REPUBLIKA.CO.ID, JAKARTA -- Kementerian Kelautan dan Perikanan bersama Kementerian Perdagangan masih membahas rencana penetapan harga acuan pembelian garam rakyat. Namun, sebelum harga acuan disusun, penggunaan garam lokal mesti diprioritaskan daripada menggunakan garam impor.
Direktur Jenderal Pengelolaan Ruang Laut, KKP, Brahmantya Setyamurti Poerwadi, mengatakan, harga acuan tidak akan bermanfaat menjaga stabilitas harga garam jika stok impor masih membanjiri kebutuhan domestik.
"Dari sisi neraca garam, kalau garam di tangan para pembeli (industri) masih cukup (karena impor). Berapapun harga acuan garam lokal tidak akan dipakai. Siapa yang mau pakai acuan itu jadinya?" kata Brahmantya kepada Republika.co.id, Ahad (8/4).

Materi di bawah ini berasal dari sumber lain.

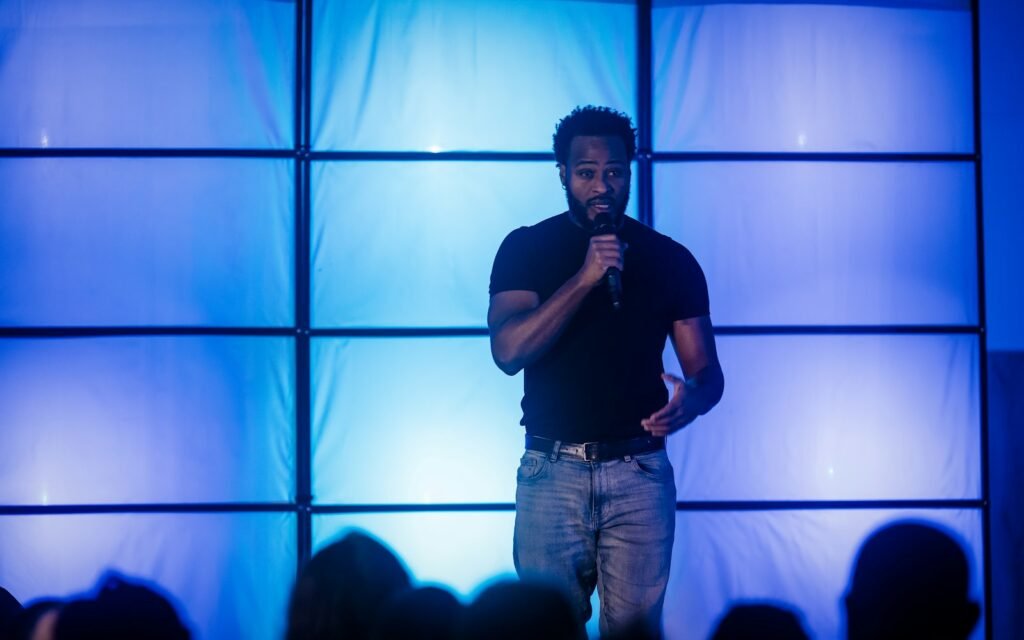 A man speaking into a microphone on a stage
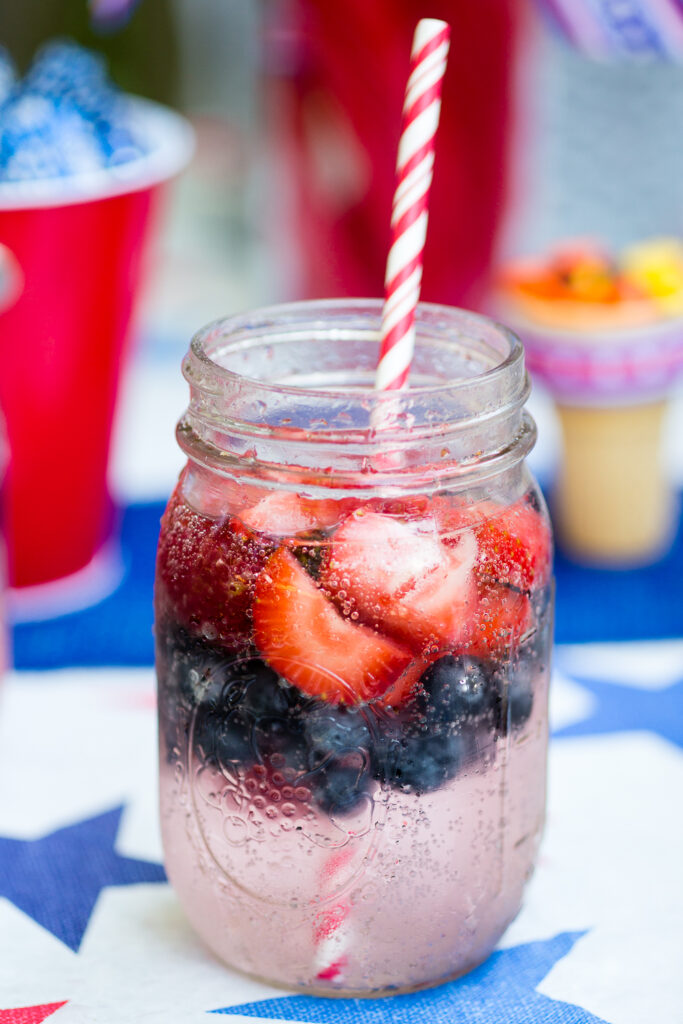 Berry spritzer in a mason jar with a layer of frozen strawberries on top and a layer of frozen blueberries under and a red striped straw in the glass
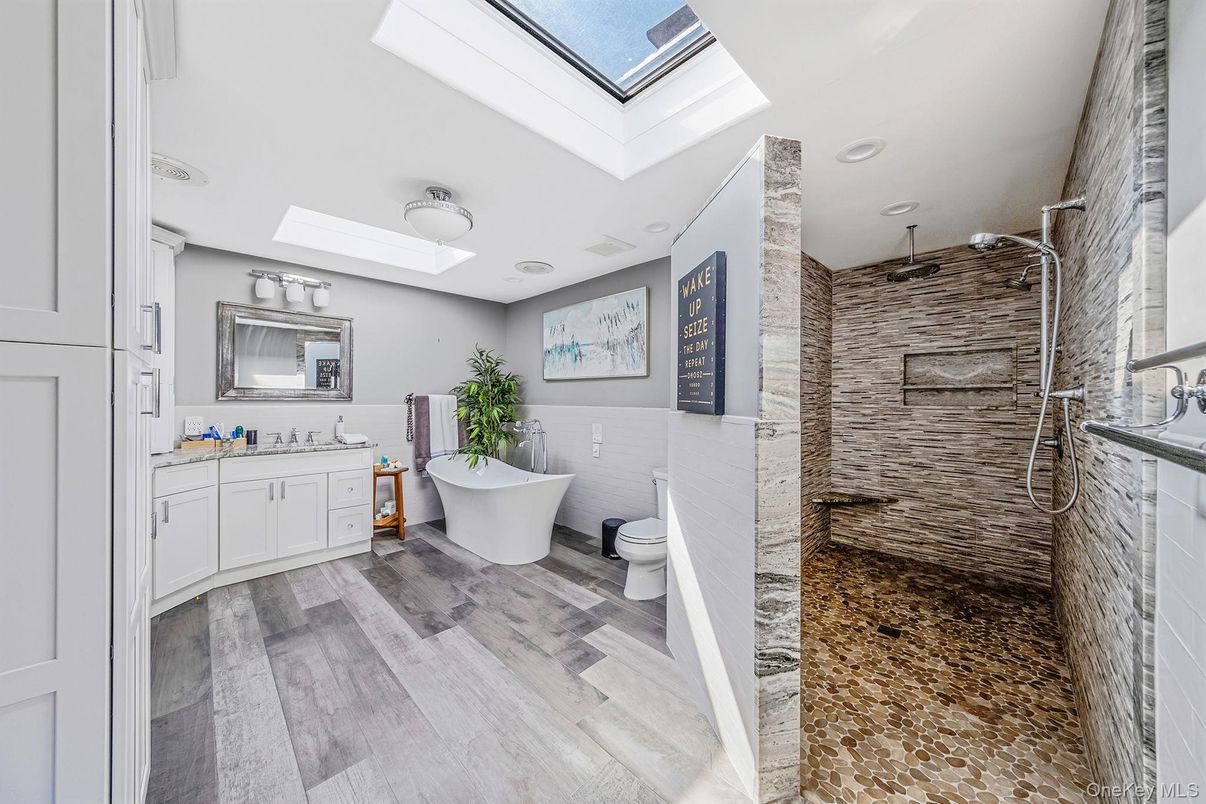 Bathroom, Dual Sink Vanities, Free Standing Baths, Interior, Recessed Lighting, Wood Texture Flooring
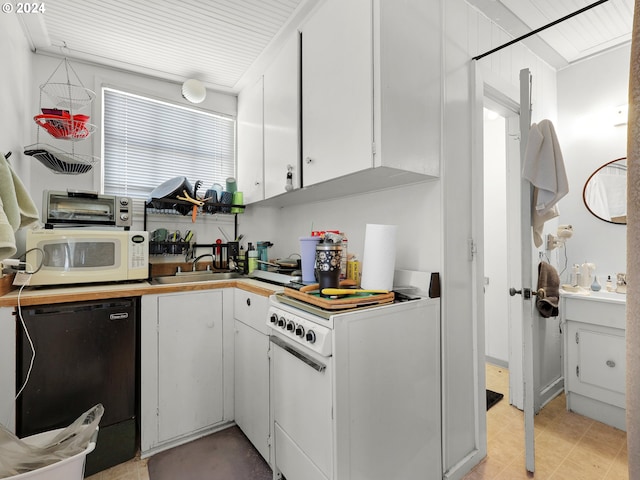 kitchen with white appliances and white cabinets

Ia bersikukuh, garam lokal sudah dapat digunakan oleh sektor industri. Sebab, baik garam lokal maupun impor keduanya tetap harus melalui proses pengolahan industri untuk bisa mencapai standar kadar zat dalam kandungan garam.
Pihaknya pun meminta Kementerian Perindustrian untuk membuat kembali kesepakatan komitmen penyerapan garam lokal oleh industri dalam setahun ke depan. Hal itu sebagaimana dilakukan pada tahun lalu dimana sektor industri aneka pangan siap menyerap 1,12 juta ton garam untuk periode Juli 2018-Juni 2019.
"Saya minta komitmen ini diperbarui seharusnya. Semua ini hanya masalah keberpihakan saja terhadap garam lokal. Penyerapan garam lokal harus ditambah," tutur dia.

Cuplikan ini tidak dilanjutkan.